··· RECORDS TO USE

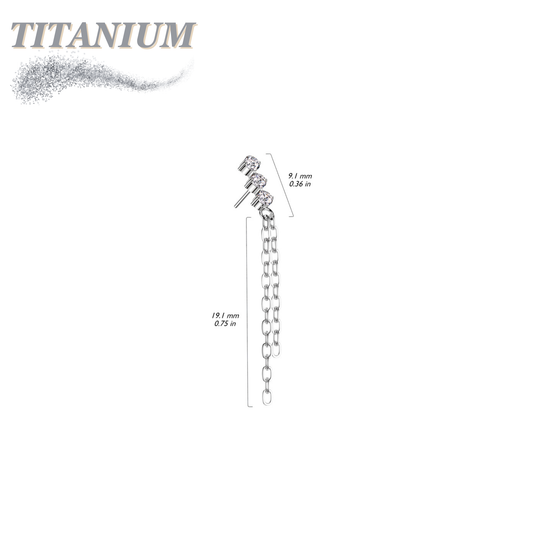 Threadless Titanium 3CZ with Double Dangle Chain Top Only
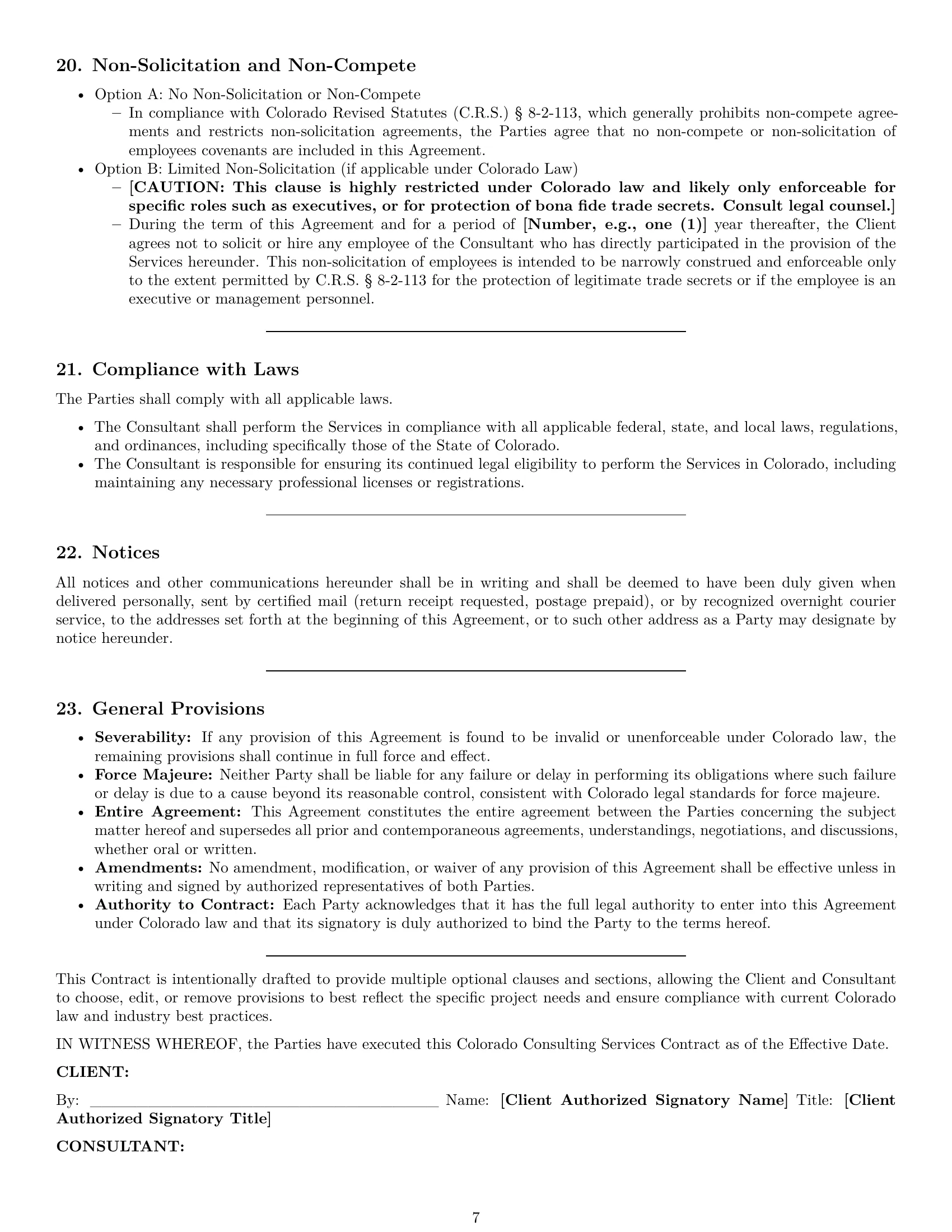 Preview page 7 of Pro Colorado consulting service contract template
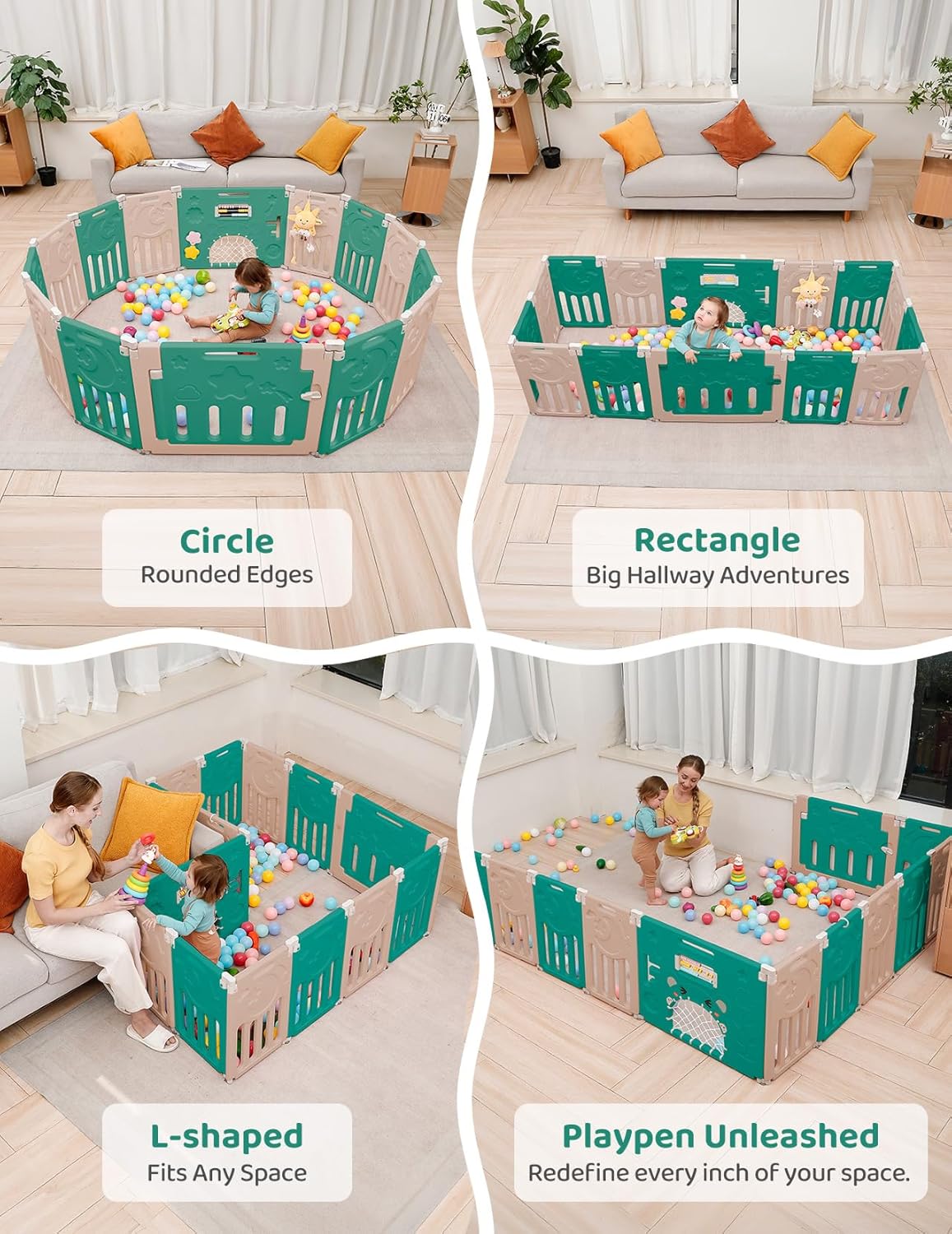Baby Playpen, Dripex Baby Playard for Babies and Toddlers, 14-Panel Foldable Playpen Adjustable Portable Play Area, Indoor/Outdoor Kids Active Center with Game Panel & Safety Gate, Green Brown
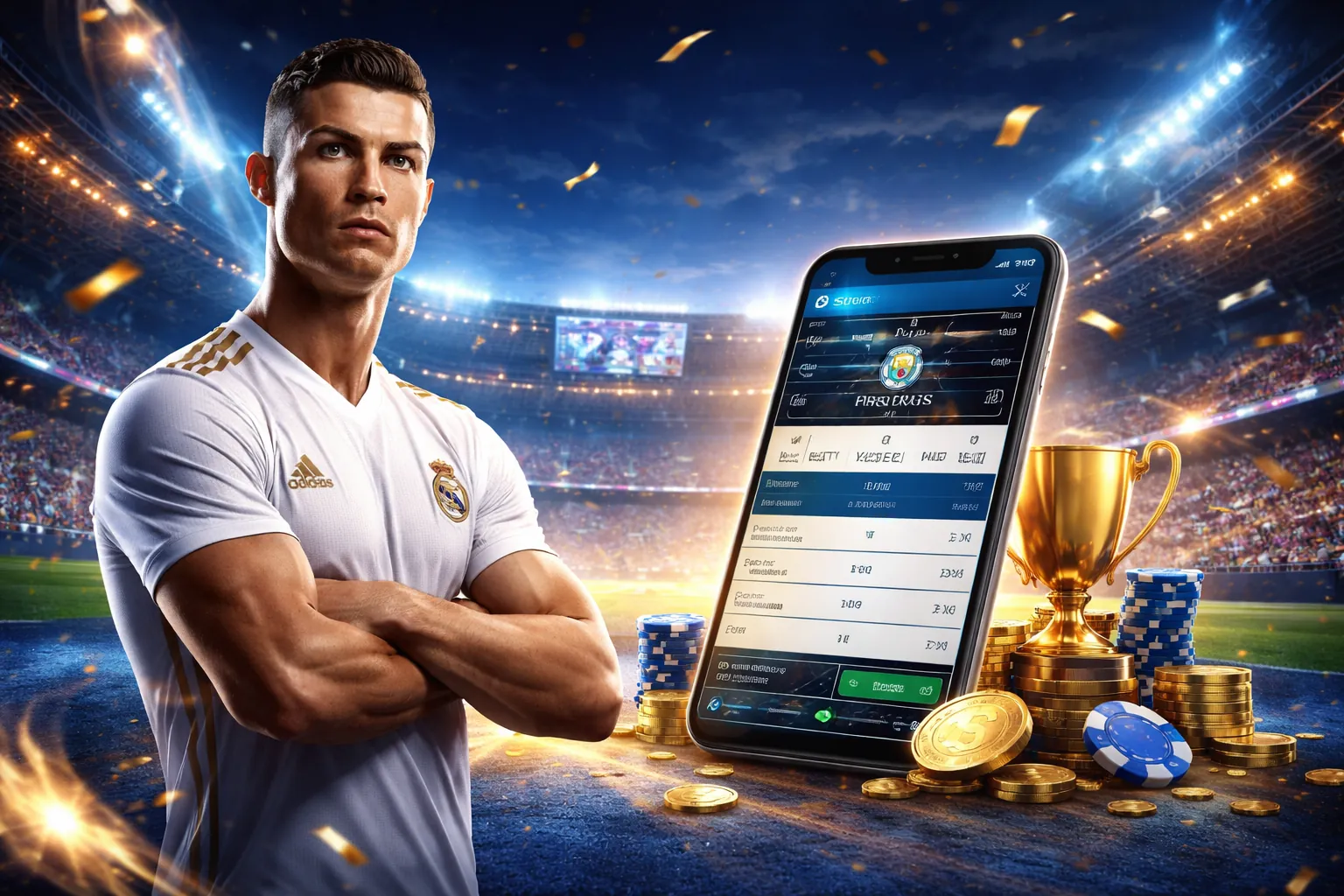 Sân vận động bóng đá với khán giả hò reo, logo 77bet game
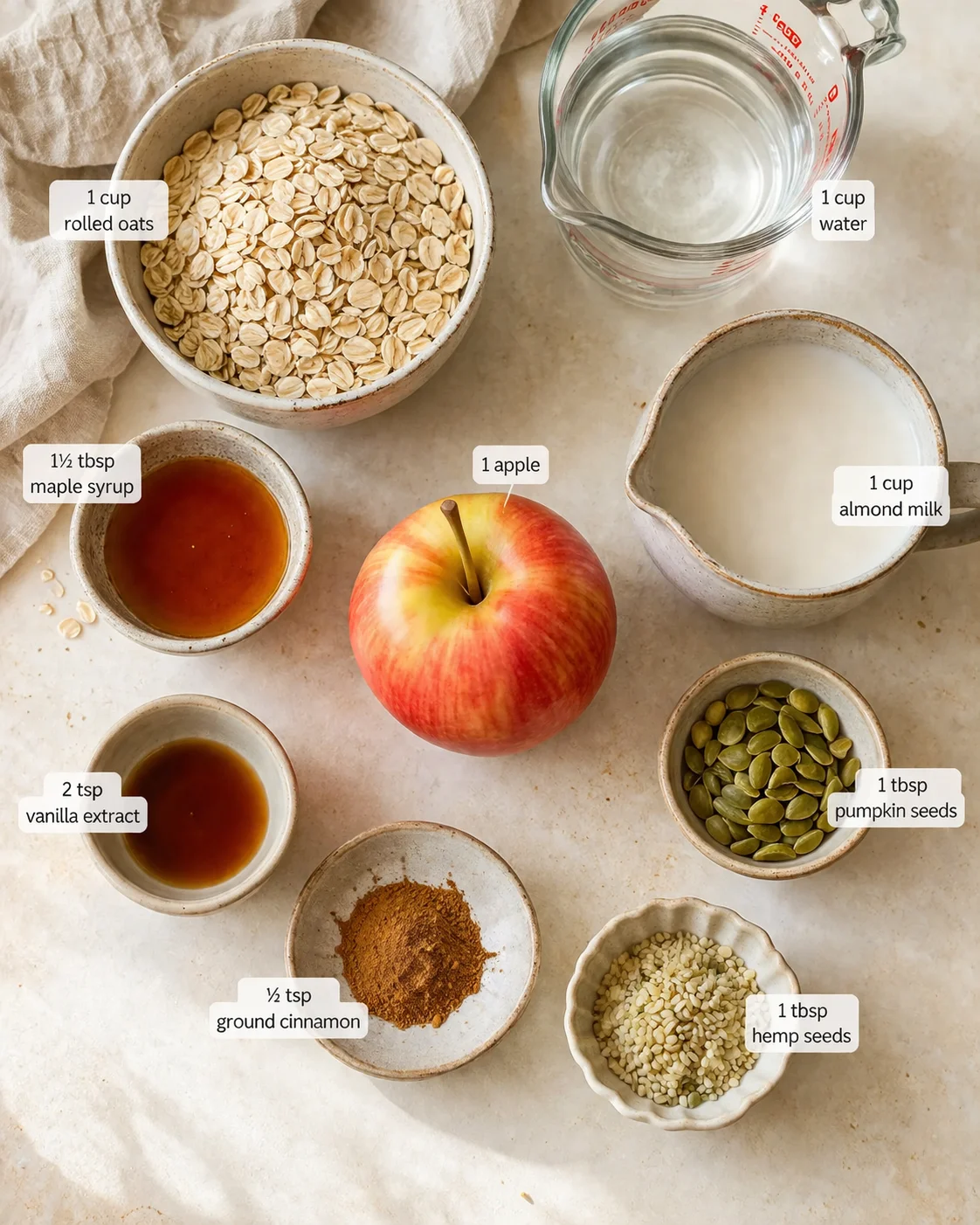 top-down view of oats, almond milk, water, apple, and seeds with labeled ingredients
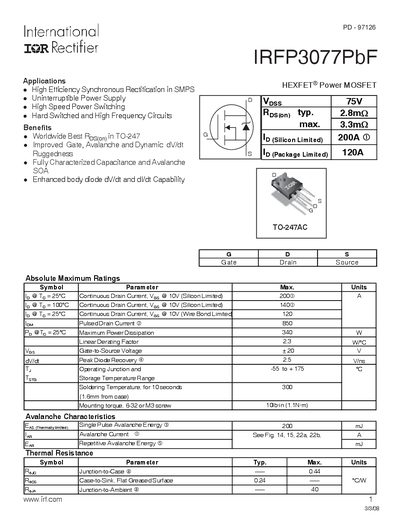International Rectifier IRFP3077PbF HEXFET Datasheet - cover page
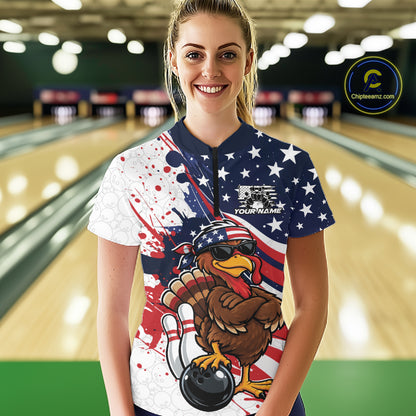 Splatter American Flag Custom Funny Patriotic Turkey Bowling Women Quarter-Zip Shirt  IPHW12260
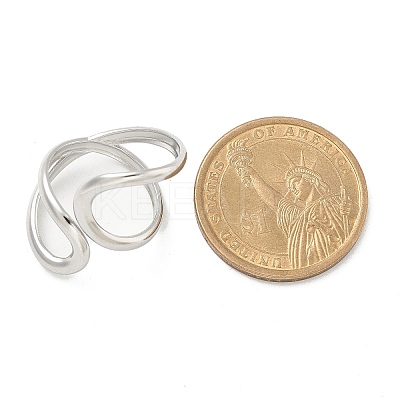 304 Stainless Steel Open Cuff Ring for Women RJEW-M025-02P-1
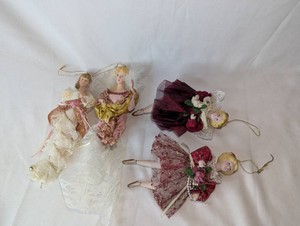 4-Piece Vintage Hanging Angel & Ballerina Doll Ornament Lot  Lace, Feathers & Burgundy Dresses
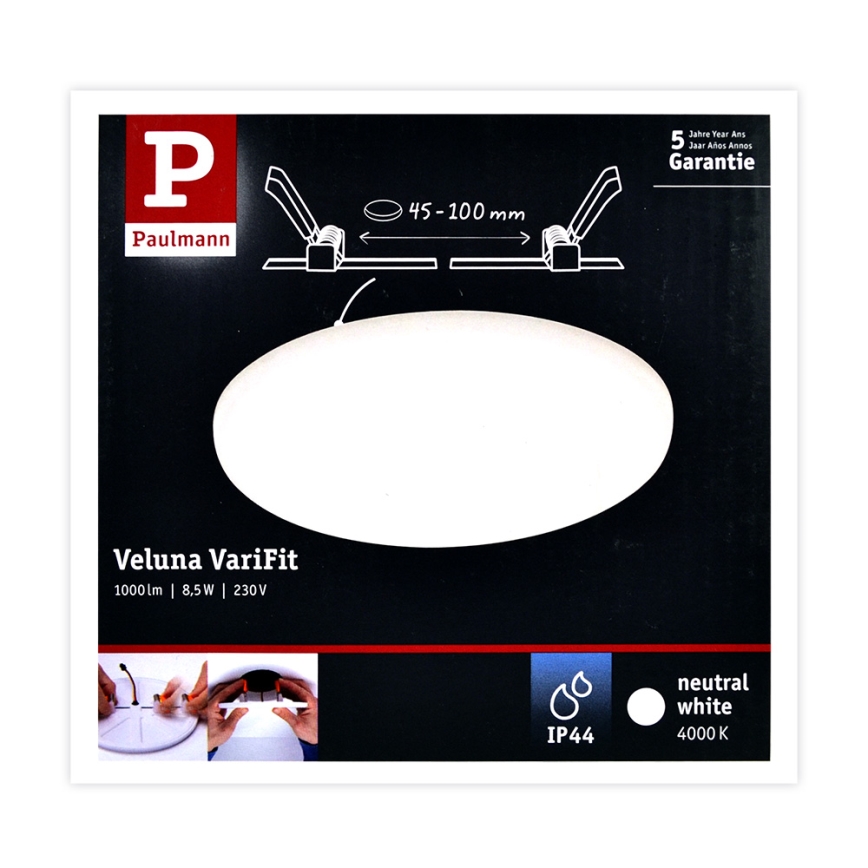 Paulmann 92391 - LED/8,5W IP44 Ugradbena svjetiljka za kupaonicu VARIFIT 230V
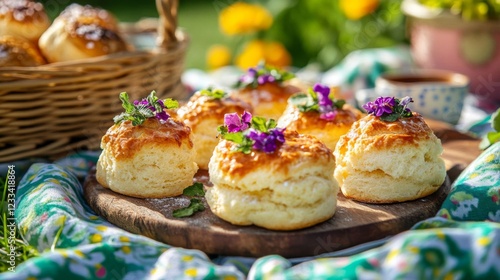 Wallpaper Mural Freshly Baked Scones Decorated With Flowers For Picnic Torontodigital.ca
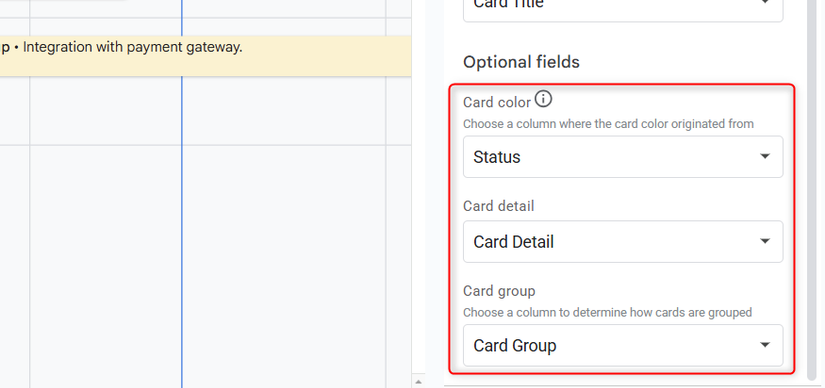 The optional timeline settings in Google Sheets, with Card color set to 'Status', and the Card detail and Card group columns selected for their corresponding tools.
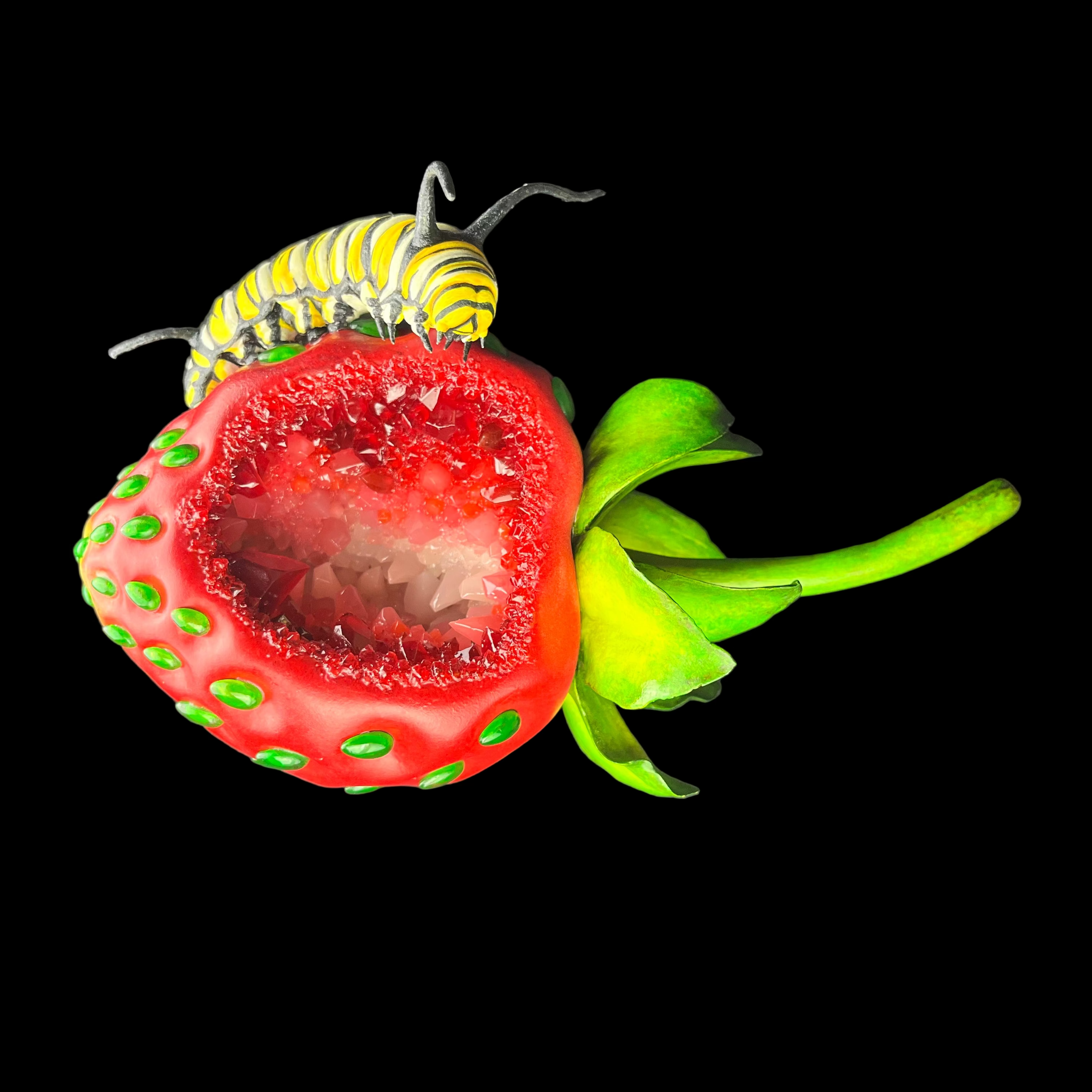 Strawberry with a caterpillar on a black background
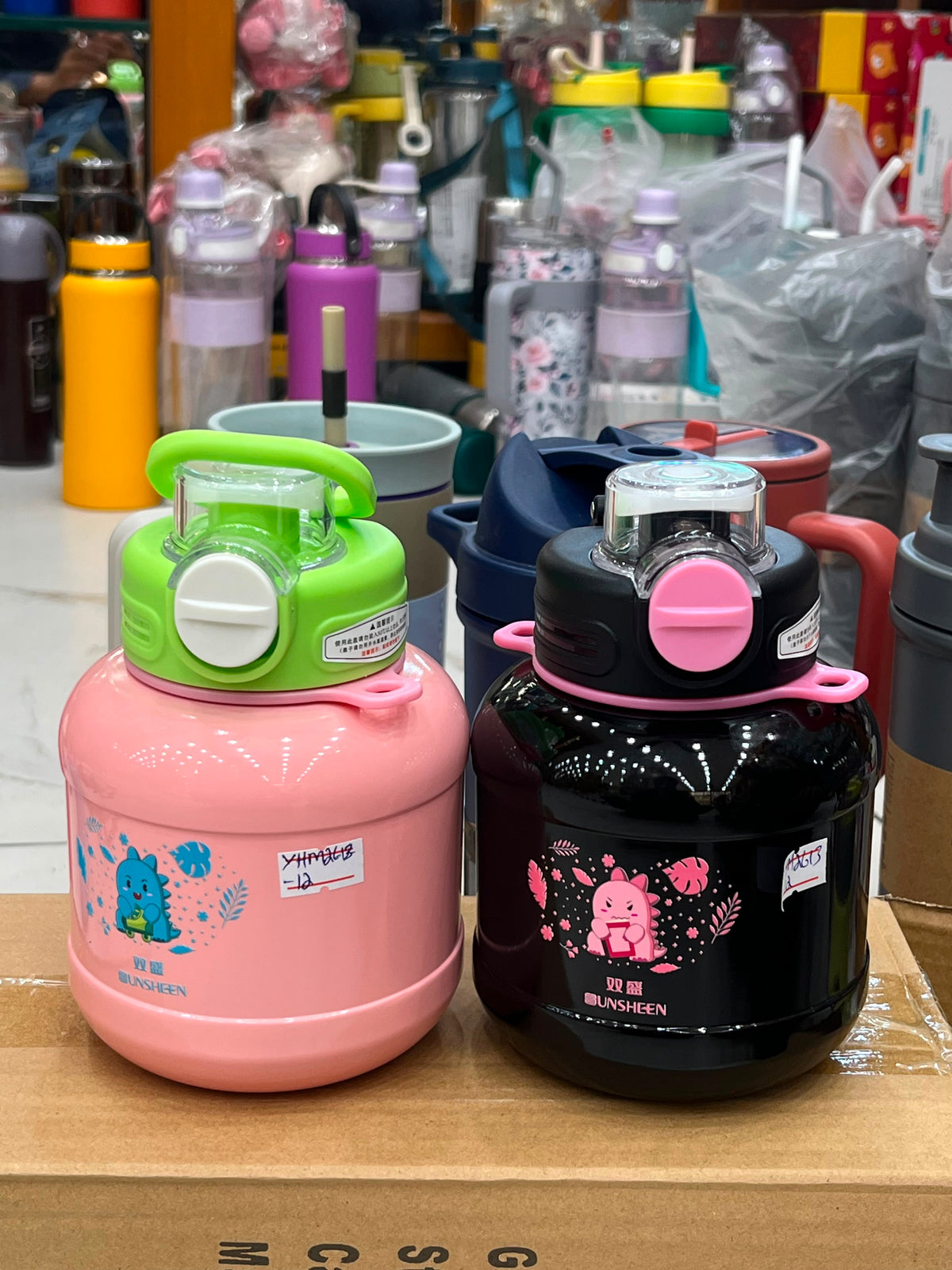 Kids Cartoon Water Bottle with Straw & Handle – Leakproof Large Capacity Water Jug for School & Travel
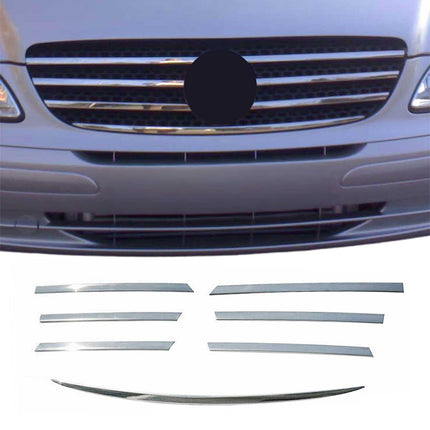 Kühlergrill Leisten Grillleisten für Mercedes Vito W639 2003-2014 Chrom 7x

······

Write out exactly the lines from the line holding "The optional timeline" through the last line of the records above, inclusive, and nothing more. Leave out the pictures.

▶ [TASK SOLUTION]:
 The optional timeline settings in Google Sheets, with Card color set to 'Status', and the Card detail and Card group columns selected for their corresponding tools.
 Strawberry with a caterpillar on a black background
 Kids Cartoon Water Bottle with Straw & Handle – Leakproof Large Capacity Water Jug for School & Travel
 Kühlergrill Leisten Grillleisten für Mercedes Vito W639 2003-2014 Chrom 7x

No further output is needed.